Pour Jacob Epstein, cette transformation radicale entraînera aussi la fin d’un système territorialisé de droits d’auteurs, voué à être remplacé par une convention mondiale des droits d’auteurs. Le partage illégal de contenus numériques sera peut-être un problème, mais pas plus que le partage et le prêt de livres entre libraires et amis dans la vie quotidienne jusqu’alors. Au-delà de l’aspect technique de cette révolution, Jacob Epstein en mesure la dimension morale. La révolution de Gutenberg diffusa à grande échelle Montaigne et Shakespeares aussi bien que Mein Kampf et le Protocole des Sages de Sion. Il sera donc essentiel de protéger les livres de la face sombre de la révolution en cours. La récente décision arbitraire d’Amazon d’effacer, à la demande de l’éditeur, toutes les copies du 1984 de George Orwell des Kindles des usagers qui l’avaient téléchargé, montre à quel point le contenu numérique est fragile. Une solution déjà appliquée dans l’industrie musicale danoise serait d’instaurer des abonnements conditionnels où le contenu téléchargé s’efface si l’on ne renouvelle pas son abonnement. Mais gare à la tentation de la censure qui se profile sous ces innovations séduisantes !
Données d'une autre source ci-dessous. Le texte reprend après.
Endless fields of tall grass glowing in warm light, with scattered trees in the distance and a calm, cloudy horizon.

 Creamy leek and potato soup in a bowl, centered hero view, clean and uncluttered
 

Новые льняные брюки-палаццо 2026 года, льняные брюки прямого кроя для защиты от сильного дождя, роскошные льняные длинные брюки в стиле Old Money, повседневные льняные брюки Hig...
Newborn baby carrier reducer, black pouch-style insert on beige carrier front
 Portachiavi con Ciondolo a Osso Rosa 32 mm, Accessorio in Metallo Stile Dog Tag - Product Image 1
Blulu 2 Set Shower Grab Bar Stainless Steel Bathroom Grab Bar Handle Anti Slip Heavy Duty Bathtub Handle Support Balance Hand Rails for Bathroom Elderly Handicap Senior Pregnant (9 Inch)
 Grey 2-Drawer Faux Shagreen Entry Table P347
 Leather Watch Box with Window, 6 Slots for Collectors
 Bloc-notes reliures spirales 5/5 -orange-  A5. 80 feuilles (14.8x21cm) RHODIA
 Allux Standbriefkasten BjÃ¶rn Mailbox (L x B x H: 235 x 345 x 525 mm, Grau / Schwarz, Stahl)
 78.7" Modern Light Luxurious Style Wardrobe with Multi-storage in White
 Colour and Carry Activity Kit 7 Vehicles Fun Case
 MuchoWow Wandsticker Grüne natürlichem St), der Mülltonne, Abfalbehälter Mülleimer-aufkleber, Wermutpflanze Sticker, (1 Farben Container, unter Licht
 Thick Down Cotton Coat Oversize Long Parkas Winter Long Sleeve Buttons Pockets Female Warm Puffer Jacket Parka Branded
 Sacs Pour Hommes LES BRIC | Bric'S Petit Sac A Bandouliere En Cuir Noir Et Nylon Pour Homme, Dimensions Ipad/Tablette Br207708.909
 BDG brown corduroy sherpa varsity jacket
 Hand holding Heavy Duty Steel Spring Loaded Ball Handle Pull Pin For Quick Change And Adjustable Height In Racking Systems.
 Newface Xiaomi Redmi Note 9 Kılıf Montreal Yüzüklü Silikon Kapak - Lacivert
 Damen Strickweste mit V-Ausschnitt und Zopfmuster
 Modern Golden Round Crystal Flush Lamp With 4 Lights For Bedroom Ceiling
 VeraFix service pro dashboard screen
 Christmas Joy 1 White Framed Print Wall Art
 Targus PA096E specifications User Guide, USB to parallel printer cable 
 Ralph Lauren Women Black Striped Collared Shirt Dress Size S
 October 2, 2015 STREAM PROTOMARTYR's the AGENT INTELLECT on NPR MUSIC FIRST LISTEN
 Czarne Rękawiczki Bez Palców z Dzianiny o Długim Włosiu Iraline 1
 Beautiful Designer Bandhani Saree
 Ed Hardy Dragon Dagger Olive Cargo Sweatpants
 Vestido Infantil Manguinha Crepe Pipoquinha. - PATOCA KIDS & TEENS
Ainsi, ce qui compte n’est pas seulement la capacité d’adaptation de l’industrie du livre à la révolution numérique mais aussi sa volonté de préserver le patrimoine littéraire qui fonde notre civilisation. Il y a déjà vingt-cinq ans, la numérisation a permis de préserver la possibilité de vendre d’anciennes publications en épargnant aux éditeurs le coût des inventaires, des transports et des renvois d’ouvrages. Même le système de transport automatisé d’Amazon sera éventuellement dépassé par l’inventaire électronique, aux yeux de Jacob Epstein. Cependant, ce dernier n’a de cesse de mettre en garde les béats de l’immatériel contre le phantasme le plus pernicieux qui accompagne la révolution numérique : croire que les contenus du nuage numérique formeront une intelligence unique, commune et autonome, une sorte de livre universel ou de cerveau collectif qui reproduirait sous forme électronique et à une échelle planétaire toutes les synergies qui émergent spontanément des esprits individuels. Ce qui ne relève pas du phantasme, c’est l’immense marché du contenu numérique qui se met en place et qui suppose une transformation culturelle encore incommensurable


* Jacob Epstein, ‘Publishing: The Revolutionary Future’, New York Review of Books, 11 mars 2010.